- Opening Delimiter -
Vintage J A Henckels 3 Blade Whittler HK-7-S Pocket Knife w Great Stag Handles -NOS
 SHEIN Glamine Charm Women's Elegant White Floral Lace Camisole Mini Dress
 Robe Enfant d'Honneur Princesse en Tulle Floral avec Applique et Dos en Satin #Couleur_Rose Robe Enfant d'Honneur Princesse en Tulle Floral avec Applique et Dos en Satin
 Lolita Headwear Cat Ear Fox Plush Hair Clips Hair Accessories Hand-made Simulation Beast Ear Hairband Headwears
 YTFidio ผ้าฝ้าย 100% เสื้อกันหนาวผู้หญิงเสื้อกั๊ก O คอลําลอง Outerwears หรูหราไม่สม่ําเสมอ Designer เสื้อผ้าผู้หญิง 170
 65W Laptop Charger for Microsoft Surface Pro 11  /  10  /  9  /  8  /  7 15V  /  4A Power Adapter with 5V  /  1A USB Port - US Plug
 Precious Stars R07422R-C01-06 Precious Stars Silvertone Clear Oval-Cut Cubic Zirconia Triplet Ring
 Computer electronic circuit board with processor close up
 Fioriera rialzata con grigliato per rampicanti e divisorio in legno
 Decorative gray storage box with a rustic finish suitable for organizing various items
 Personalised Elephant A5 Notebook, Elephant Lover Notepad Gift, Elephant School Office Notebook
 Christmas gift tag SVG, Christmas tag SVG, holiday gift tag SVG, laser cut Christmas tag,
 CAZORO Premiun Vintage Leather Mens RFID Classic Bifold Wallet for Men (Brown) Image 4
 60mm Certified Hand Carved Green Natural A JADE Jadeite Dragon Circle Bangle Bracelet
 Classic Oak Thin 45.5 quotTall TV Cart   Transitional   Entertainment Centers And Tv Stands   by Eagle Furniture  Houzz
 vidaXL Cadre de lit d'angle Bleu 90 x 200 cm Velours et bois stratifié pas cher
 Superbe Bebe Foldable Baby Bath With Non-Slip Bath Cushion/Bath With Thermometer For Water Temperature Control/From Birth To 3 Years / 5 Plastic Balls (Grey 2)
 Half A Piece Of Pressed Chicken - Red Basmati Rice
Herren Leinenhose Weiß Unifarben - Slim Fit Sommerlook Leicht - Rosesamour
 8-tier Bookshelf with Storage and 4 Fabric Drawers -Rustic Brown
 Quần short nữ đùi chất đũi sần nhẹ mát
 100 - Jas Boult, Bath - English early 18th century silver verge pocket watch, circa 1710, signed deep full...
- Closing Delimiter -
▸ TASK OBJECTIVE: Copy, exactly and only, the lines above that begin with the one containing "Christmas gift tag" and finish with the one containing "Superbe Bebe Foldable".

▸ REPLY:
 Christmas gift tag SVG, Christmas tag SVG, holiday gift tag SVG, laser cut Christmas tag,
 CAZORO Premiun Vintage Leather Mens RFID Classic Bifold Wallet for Men (Brown) Image 4
 60mm Certified Hand Carved Green Natural A JADE Jadeite Dragon Circle Bangle Bracelet
 Classic Oak Thin 45.5 quotTall TV Cart   Transitional   Entertainment Centers And Tv Stands   by Eagle Furniture  Houzz
 vidaXL Cadre de lit d'angle Bleu 90 x 200 cm Velours et bois stratifié pas cher
 Superbe Bebe Foldable Baby Bath With Non-Slip Bath Cushion/Bath With Thermometer For Water Temperature Control/From Birth To 3 Years / 5 Plastic Balls (Grey 2)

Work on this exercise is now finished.